Admiral Brad Cooper, CENTCOM commander, told a Washington defence forum on Thursday 14 May that US operations had cleared 'roughly 90 per cent' of Iran's naval mine inventory and that Iran's military threat is 'diminished but not eliminated', as reported by Defense News 1. The figure arrived with no published methodology and no independent corroboration.
Cooper's previous '100 per cent halt' claim had been contradicted by Windward, The National, and LSEG, citing the 61-vessel redirection count of 10 May and the earlier 58-redirect baseline . The 90 per cent figure does not state whether it counts mines destroyed in situ, deactivated in storage, neutralised by sweep, or simply absent from a sensor pass at the Larak-Qeshm corridor between Iranian islands. Defense News asked for clarification on methodology and CENTCOM did not provide one.
Counter-perspective: independent analysts at IISS and CSIS have noted that mine-counter-measures statistics are inherently denominator problems, because Iran has never published its mine inventory and Western estimates range from 3,000 to 6,000 weapons across pre-war stockpiles. A 90 per cent claim against an unknown denominator could simultaneously be technically accurate and operationally meaningless. CENTCOM has not addressed this in its public communications.
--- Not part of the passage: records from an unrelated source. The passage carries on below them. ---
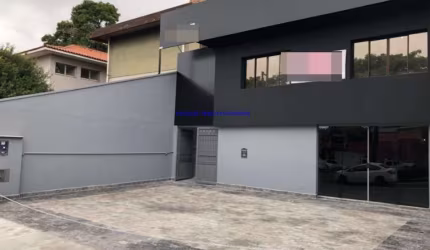 Casa 290m², 04 dormitórios, 05 banheiros e 12 vagas na garagem.   Excelente localização. Todas as informações aqui anunciadas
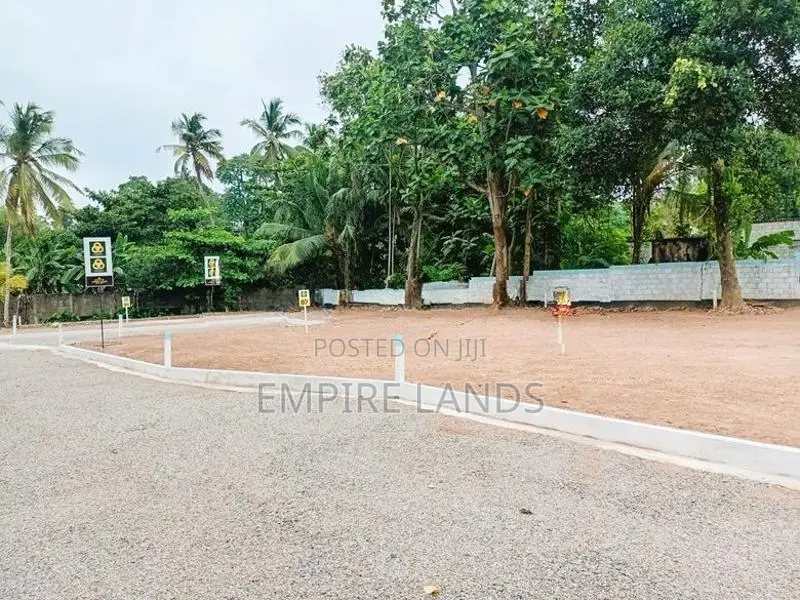Plots for Sale in Near Panadura Hirana Road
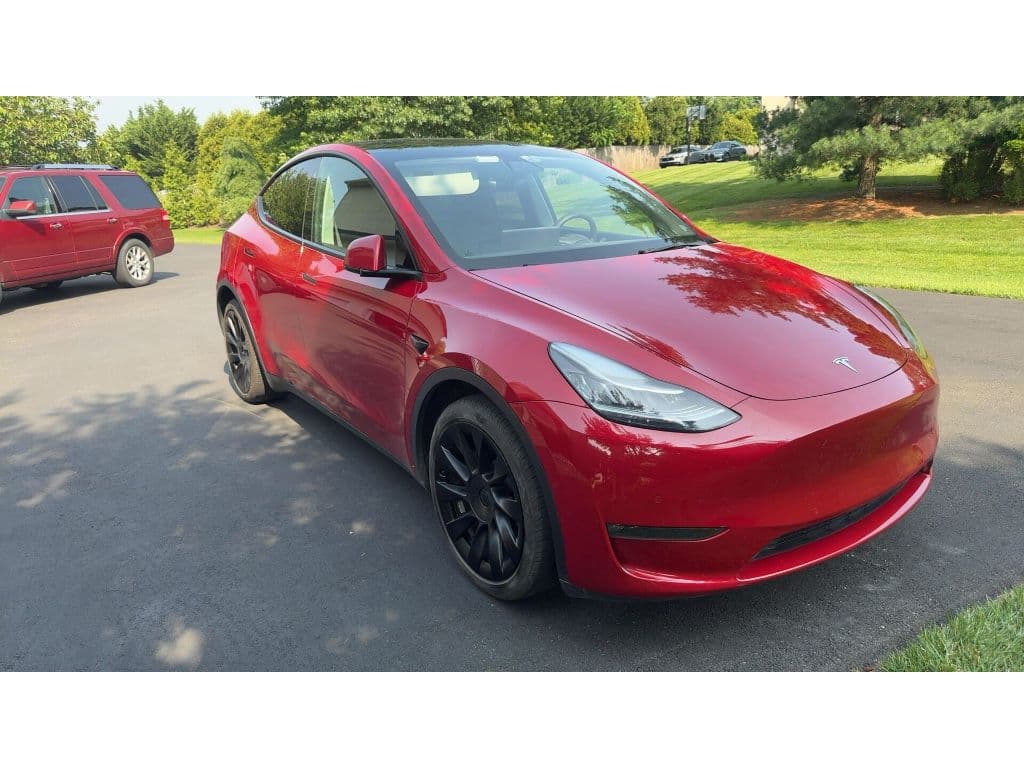 2021 Tesla Model Y view 4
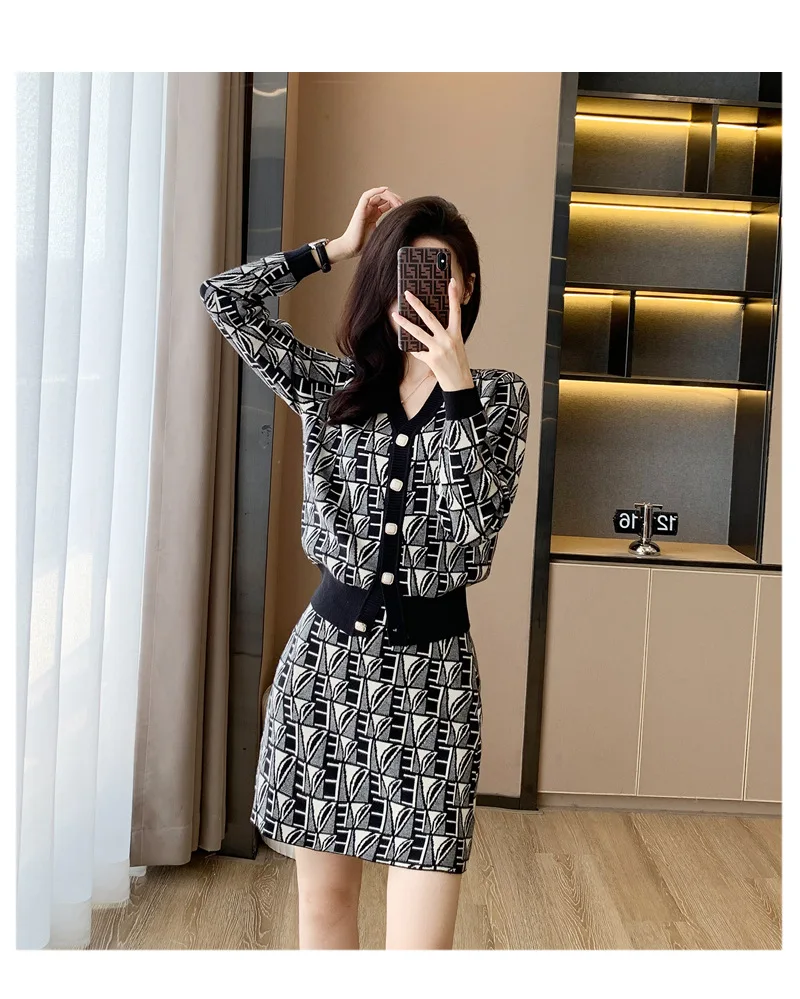 2024 Korean Style Printing Knitted Suits V-Collar Buttons Design Short Cardigan+Mini Single Breasted Skirt Women Sets T658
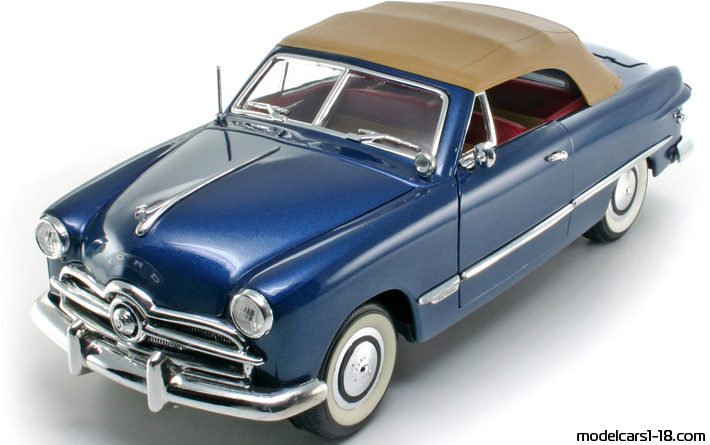 1949 - Ford Convertible Mira 1/18 - Vorne linke Seite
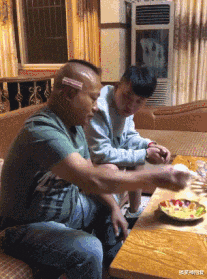 搞笑神回复|神回复:很久没舔喜欢的女生了,今天突然来问我,只能说实话了!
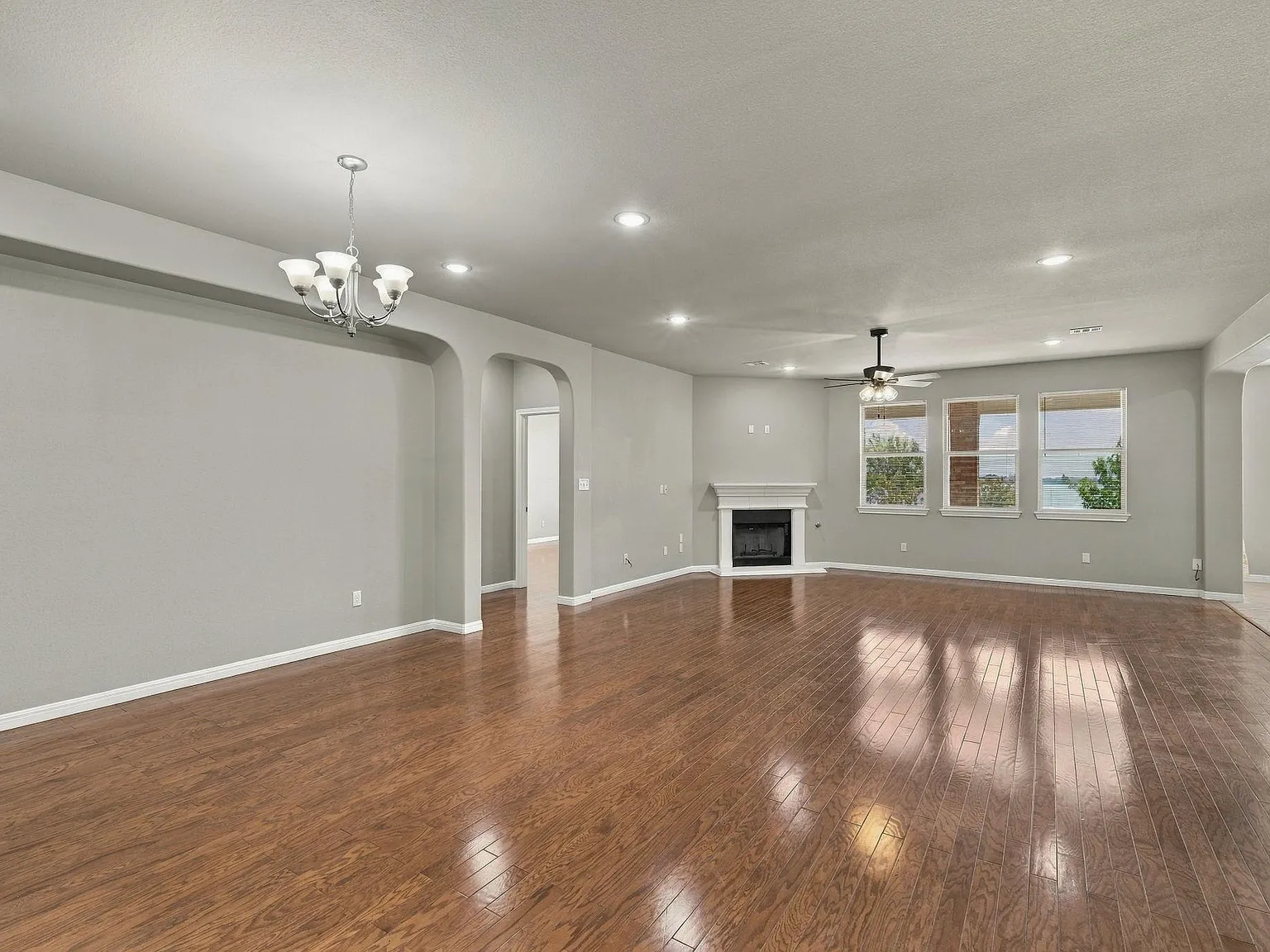4 bed, 2.5 bath, 2825 sqft, $2,950 — Photo 4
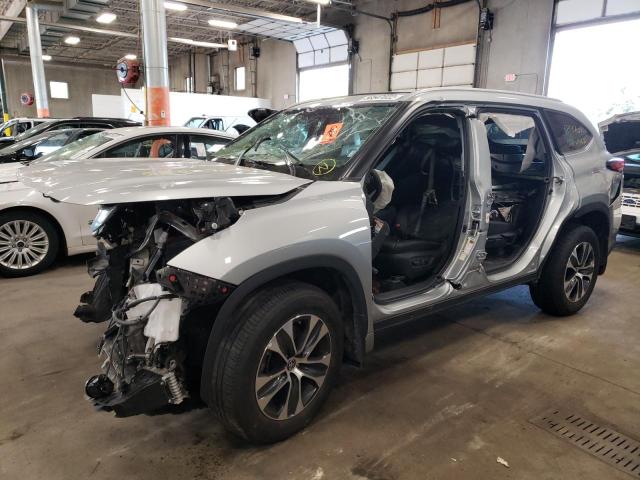 5TDGZRBH7NS162188 - 2022 TOYOTA HIGHLANDER SILVER photo 2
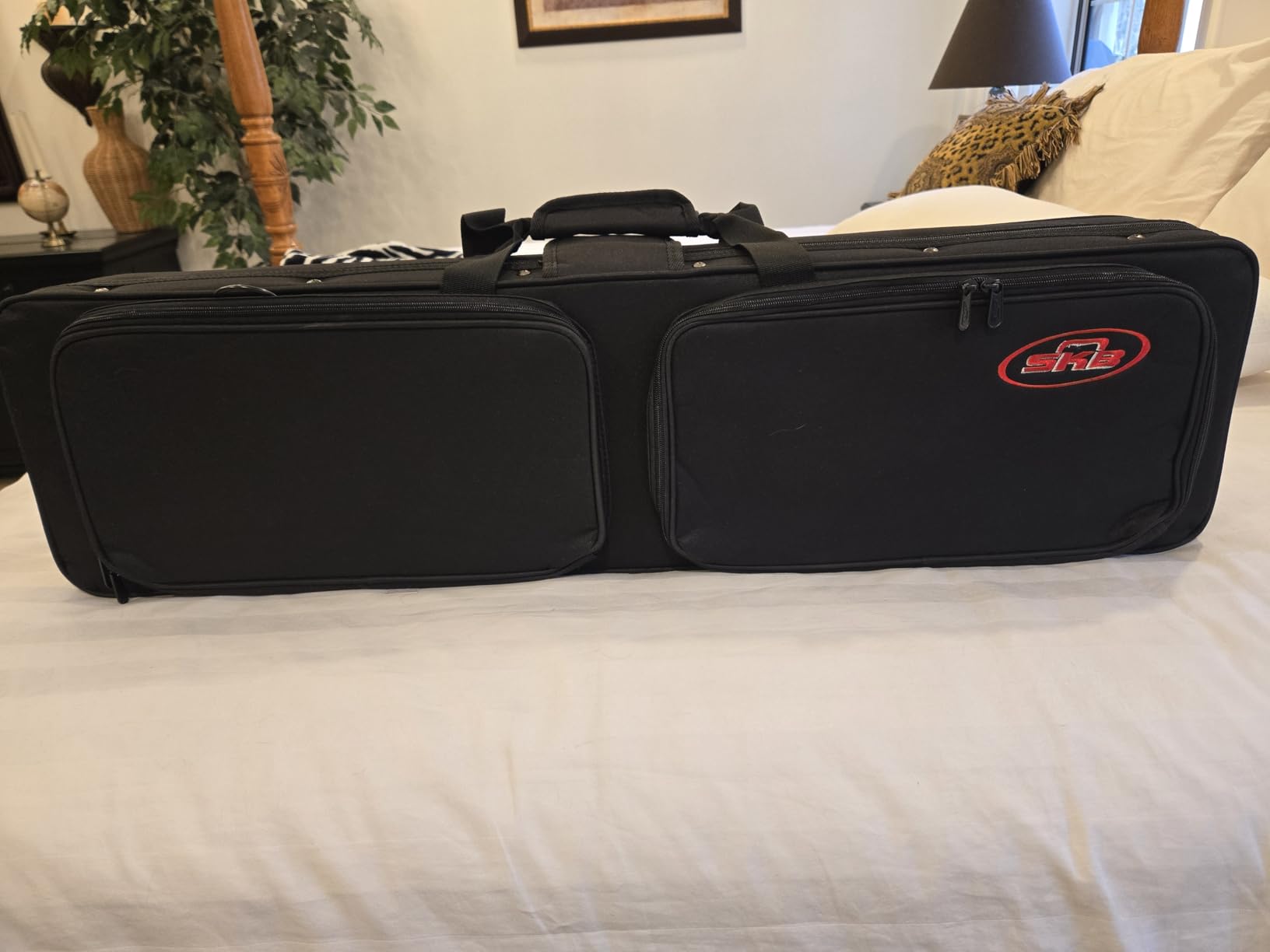 SKB Cases Rugged Exterior and Rigid Foam Interior Hybrid Breakdown Travel Shotgun Case for 33.75 Inch Barrels with 2 External Pouches, Black customer photo 2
Pete Hegseth's Article 2 testimony on Tuesday 12 May rests on CENTCOM's operational credibility, and the Alaskan senator's constitutional deadline is days from expiry . A second challenged Cooper figure within four weeks of the first would erode that evidentiary foundation just as the constitutional clock runs down. The Larak-Qeshm corridor remains the test surface: a single mined-vessel incident there would settle the dispute empirically.